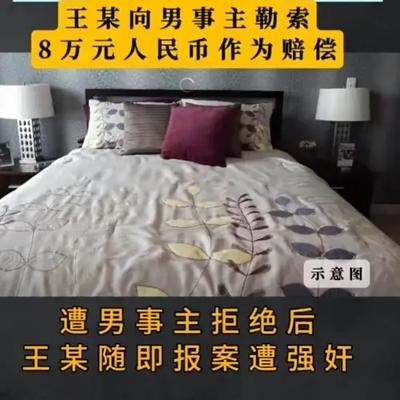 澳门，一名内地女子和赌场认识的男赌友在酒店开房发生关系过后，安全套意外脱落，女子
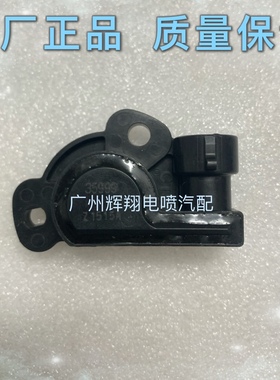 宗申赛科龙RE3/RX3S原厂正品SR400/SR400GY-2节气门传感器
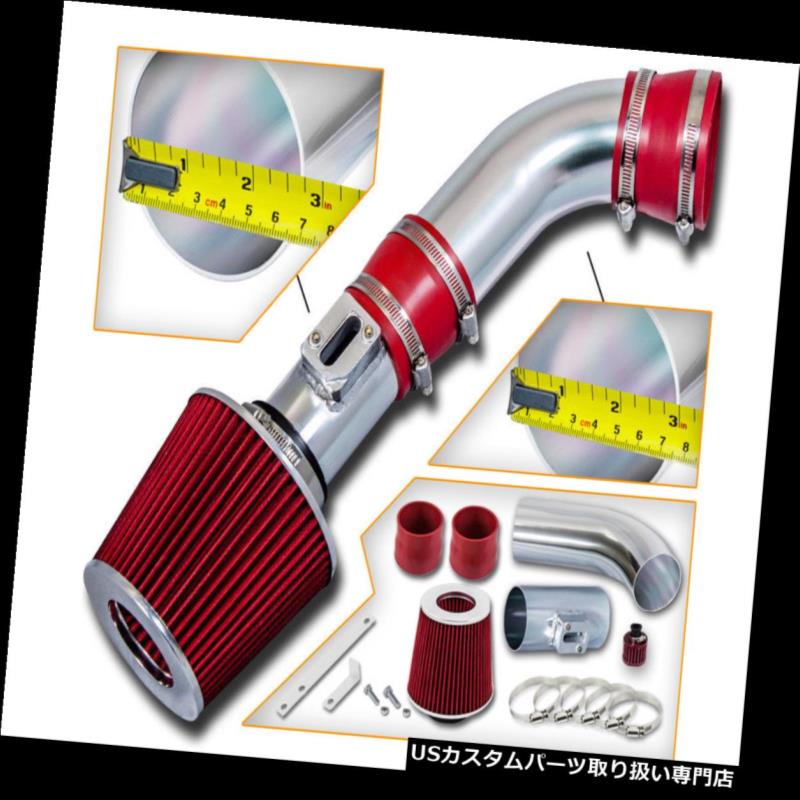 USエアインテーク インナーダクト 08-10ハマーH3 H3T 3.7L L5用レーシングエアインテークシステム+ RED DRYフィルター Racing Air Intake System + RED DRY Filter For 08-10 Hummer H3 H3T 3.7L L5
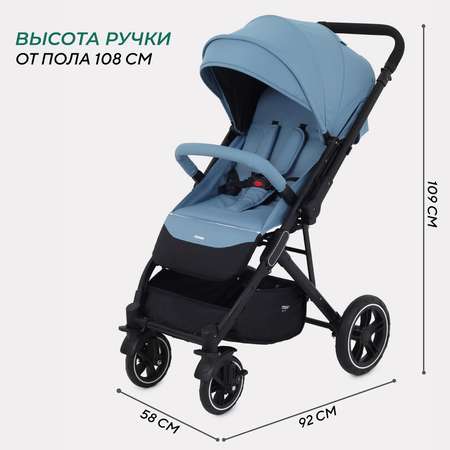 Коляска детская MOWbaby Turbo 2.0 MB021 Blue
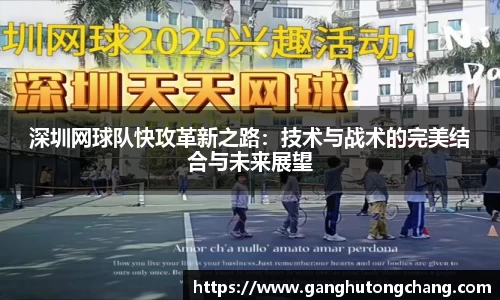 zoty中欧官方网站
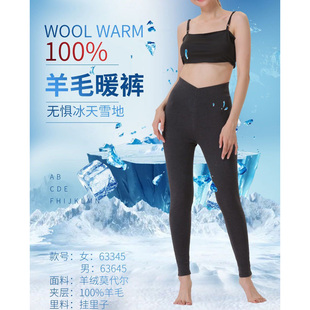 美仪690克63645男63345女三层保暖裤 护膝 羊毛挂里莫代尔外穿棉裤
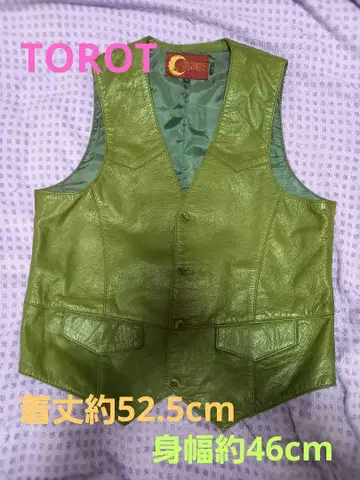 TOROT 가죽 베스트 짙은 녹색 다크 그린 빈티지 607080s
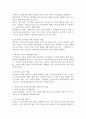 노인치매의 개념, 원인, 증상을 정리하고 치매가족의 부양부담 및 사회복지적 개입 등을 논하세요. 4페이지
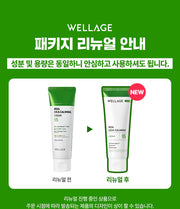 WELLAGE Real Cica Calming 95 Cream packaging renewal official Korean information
==
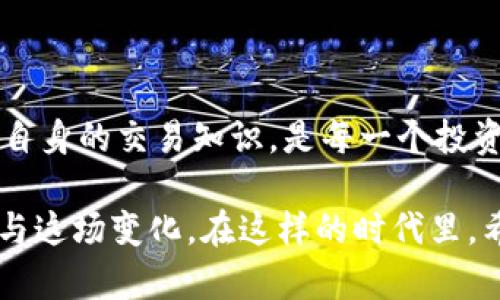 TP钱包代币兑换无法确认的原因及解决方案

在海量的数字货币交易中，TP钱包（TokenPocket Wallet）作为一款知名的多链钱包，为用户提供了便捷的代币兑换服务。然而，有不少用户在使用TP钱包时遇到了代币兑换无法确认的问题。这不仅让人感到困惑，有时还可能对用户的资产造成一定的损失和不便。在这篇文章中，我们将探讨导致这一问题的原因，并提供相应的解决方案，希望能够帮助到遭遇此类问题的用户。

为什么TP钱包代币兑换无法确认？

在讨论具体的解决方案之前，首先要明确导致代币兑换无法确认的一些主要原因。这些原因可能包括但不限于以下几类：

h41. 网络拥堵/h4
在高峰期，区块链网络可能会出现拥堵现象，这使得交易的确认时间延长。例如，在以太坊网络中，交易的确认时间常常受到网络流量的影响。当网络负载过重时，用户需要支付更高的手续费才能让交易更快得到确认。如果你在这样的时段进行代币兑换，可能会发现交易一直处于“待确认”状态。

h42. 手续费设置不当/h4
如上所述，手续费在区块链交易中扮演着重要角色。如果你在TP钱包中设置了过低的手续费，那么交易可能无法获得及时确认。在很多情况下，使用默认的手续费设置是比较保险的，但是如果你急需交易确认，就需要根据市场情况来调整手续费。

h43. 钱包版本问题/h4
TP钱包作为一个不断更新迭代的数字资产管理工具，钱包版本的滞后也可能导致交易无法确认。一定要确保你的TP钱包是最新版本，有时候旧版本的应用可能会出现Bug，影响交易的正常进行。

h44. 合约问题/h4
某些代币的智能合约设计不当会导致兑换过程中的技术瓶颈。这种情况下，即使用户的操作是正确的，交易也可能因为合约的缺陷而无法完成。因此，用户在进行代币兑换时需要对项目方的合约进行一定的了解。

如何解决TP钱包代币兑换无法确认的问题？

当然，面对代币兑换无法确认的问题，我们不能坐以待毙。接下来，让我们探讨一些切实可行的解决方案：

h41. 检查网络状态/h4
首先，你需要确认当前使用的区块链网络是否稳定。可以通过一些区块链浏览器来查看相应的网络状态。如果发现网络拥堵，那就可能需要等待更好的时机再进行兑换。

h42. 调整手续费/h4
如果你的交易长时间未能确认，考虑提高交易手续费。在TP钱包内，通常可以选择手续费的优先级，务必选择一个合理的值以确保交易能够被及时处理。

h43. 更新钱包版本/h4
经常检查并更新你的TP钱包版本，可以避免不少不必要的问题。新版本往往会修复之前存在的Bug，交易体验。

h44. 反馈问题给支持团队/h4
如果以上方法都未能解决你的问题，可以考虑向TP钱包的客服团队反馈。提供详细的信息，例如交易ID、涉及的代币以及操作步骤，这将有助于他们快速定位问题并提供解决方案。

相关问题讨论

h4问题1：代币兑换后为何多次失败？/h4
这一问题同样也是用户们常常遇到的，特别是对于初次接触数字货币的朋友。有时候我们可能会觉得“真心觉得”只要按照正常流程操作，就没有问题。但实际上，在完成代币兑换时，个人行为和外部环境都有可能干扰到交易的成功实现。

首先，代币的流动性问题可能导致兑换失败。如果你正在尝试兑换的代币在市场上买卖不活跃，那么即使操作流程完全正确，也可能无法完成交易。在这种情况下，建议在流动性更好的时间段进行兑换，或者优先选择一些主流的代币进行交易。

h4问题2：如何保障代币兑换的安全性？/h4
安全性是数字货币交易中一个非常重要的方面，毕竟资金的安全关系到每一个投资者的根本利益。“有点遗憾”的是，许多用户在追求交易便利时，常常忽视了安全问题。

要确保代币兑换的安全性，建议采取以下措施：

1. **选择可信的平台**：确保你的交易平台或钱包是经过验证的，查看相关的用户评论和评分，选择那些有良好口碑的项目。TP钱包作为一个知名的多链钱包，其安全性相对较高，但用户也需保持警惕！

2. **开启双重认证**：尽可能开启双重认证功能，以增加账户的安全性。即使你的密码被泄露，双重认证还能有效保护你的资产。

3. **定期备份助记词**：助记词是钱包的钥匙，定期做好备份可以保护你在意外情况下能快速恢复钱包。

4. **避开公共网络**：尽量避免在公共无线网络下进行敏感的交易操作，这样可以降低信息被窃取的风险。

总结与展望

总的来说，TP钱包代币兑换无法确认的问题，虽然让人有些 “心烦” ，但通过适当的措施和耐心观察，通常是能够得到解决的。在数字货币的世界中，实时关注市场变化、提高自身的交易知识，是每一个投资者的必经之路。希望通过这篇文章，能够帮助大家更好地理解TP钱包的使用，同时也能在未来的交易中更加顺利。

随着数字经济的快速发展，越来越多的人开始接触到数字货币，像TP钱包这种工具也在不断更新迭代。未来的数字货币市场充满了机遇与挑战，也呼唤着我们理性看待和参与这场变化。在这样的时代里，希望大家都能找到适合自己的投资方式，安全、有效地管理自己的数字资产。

◆ EXERCISE DIRECTIONS
Using the material above, reproduce only the lines that run from the line with "澳门，一名内地女子和赌场认识" up to and including the line with "WELLAGE Real Cica", exactly, with the pictures dropped.

◆ TASK ANSWER
 澳门，一名内地女子和赌场认识的男赌友在酒店开房发生关系过后，安全套意外脱落，女子
 宗申赛科龙RE3/RX3S原厂正品SR400/SR400GY-2节气门传感器
 USエアインテーク インナーダクト 08-10ハマーH3 H3T 3.7L L5用レーシングエアインテークシステム+ RED DRYフィルター Racing Air Intake System + RED DRY Filter For 08-10 Hummer H3 H3T 3.7L L5
 Коляска детская MOWbaby Turbo 2.0 MB021 Blue
 zoty中欧官方网站
 美仪690克63645男63345女三层保暖裤 护膝 羊毛挂里莫代尔外穿棉裤
 TOROT 가죽 베스트 짙은 녹색 다크 그린 빈티지 607080s
 노인치매의 개념, 원인, 증상을 정리하고 치매가족의 부양부담 및 사회복지적 개입 등을 논하세요. 4페이지
 WELLAGE Real Cica Calming 95 Cream packaging renewal official Korean information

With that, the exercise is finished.